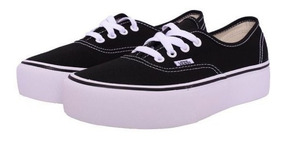 zapatos vans mujer negro zapatos vans mujer negro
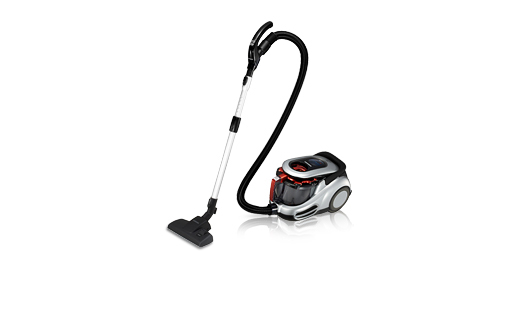 Samsung SC8780 2 L Dry 2000 W Bagless – image 2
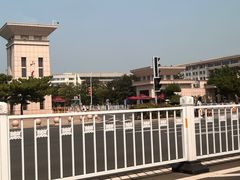 -山东大学(威海校区)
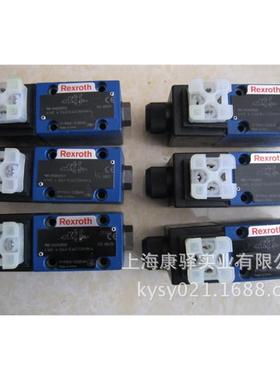 R900561282 4WE6G 6X/EG24N9K4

===

What you have to do:
Without changing a word, retype the data above and omit its pictures.

Solution for this exercise:
 zapatos vans mujer negro zapatos vans mujer negro
 Samsung SC8780 2 L Dry 2000 W Bagless – image 2
 -山东大学(威海校区)
 R900561282 4WE6G 6X/EG24N9K4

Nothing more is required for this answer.